» **Exercise aim**: Only the text should be kept: print every entry below exactly and leave each image out.

***

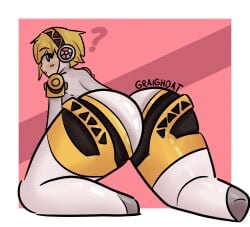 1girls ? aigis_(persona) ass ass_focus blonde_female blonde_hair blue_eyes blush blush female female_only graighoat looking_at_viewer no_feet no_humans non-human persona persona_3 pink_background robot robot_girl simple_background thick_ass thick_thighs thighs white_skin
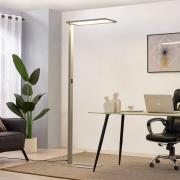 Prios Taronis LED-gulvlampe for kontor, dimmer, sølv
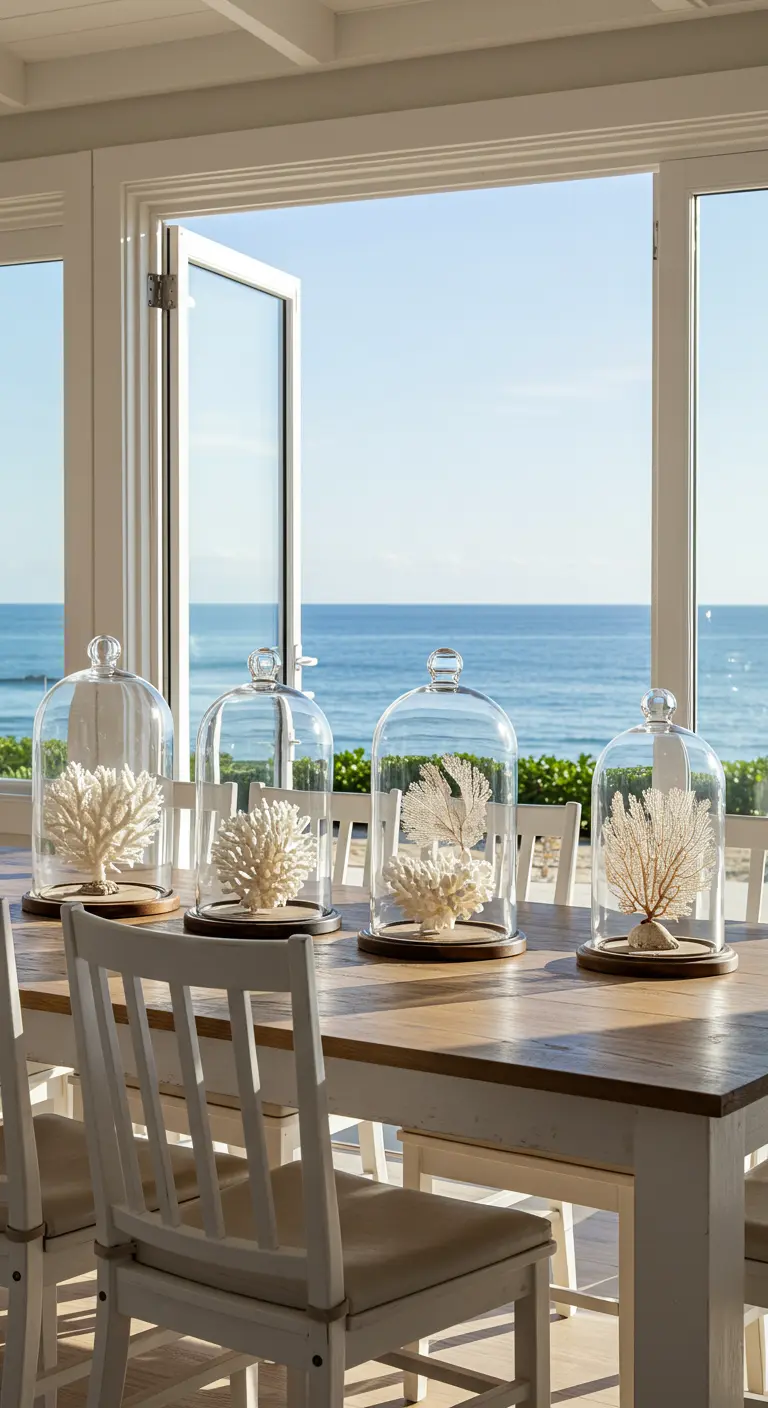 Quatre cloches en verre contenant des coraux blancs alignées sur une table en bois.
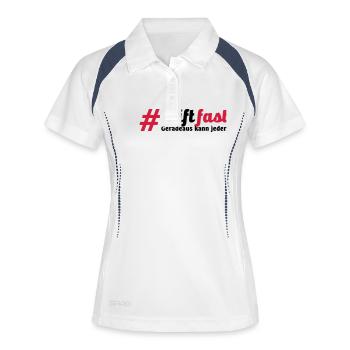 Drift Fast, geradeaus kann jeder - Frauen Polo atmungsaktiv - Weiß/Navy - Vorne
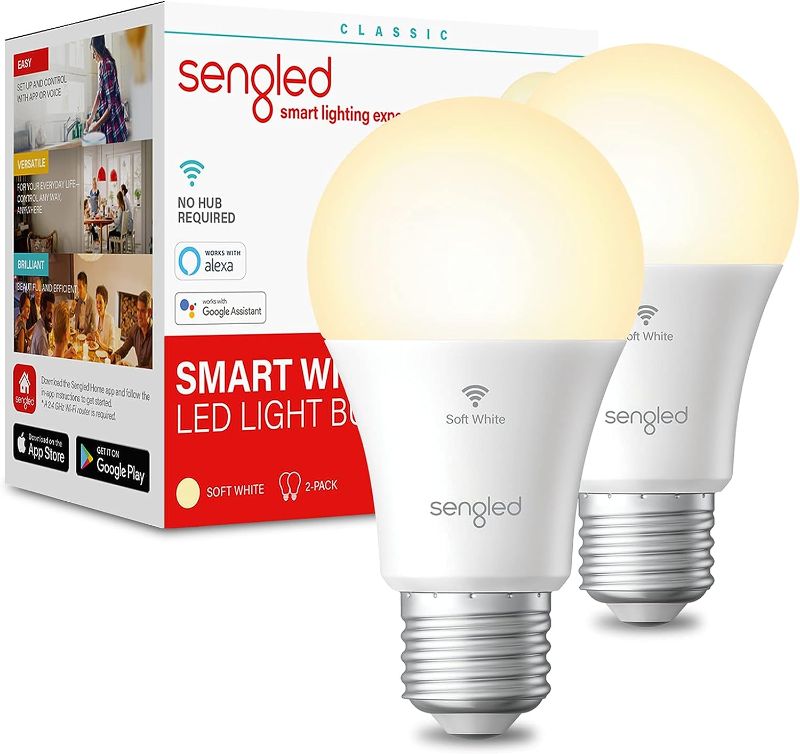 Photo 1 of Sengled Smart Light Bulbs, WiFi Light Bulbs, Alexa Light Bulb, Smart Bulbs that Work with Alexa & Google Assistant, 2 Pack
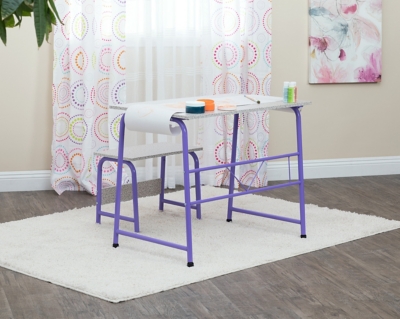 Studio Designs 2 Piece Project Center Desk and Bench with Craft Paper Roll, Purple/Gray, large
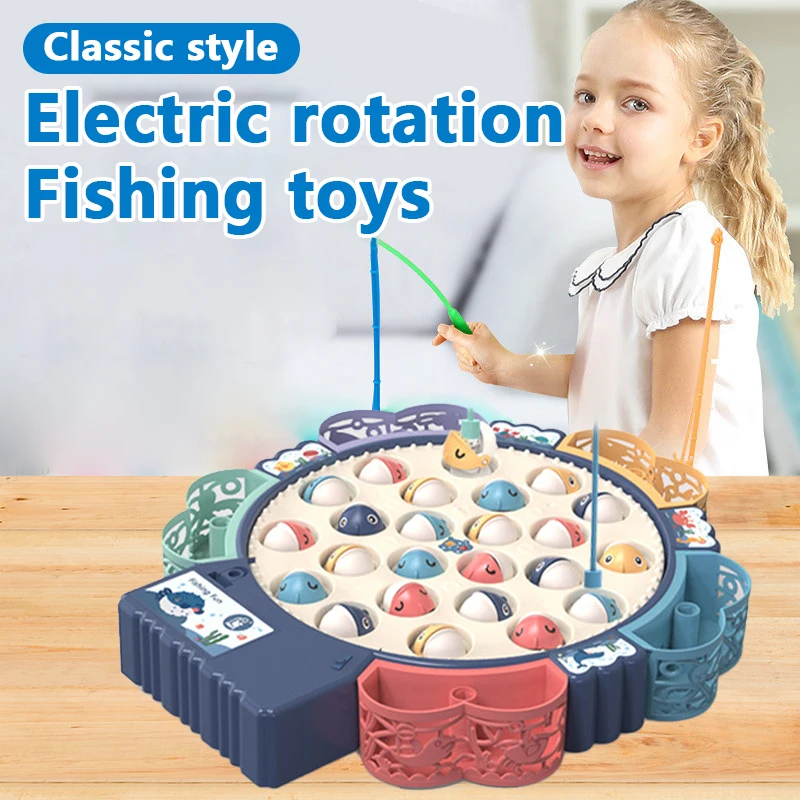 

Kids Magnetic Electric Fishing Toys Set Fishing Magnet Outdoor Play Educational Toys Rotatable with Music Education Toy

***

» **Result of this task**:
 1girls ? aigis_(persona) ass ass_focus blonde_female blonde_hair blue_eyes blush blush female female_only graighoat looking_at_viewer no_feet no_humans non-human persona persona_3 pink_background robot robot_girl simple_background thick_ass thick_thighs thighs white_skin
 Prios Taronis LED-gulvlampe for kontor, dimmer, sølv
 Quatre cloches en verre contenant des coraux blancs alignées sur une table en bois.
 Drift Fast, geradeaus kann jeder - Frauen Polo atmungsaktiv - Weiß/Navy - Vorne
 Photo 1 of Sengled Smart Light Bulbs, WiFi Light Bulbs, Alexa Light Bulb, Smart Bulbs that Work with Alexa & Google Assistant, 2 Pack
 Studio Designs 2 Piece Project Center Desk and Bench with Craft Paper Roll, Purple/Gray, large

Kids Magnetic Electric Fishing Toys Set Fishing Magnet Outdoor Play Educational Toys Rotatable with Music Education Toy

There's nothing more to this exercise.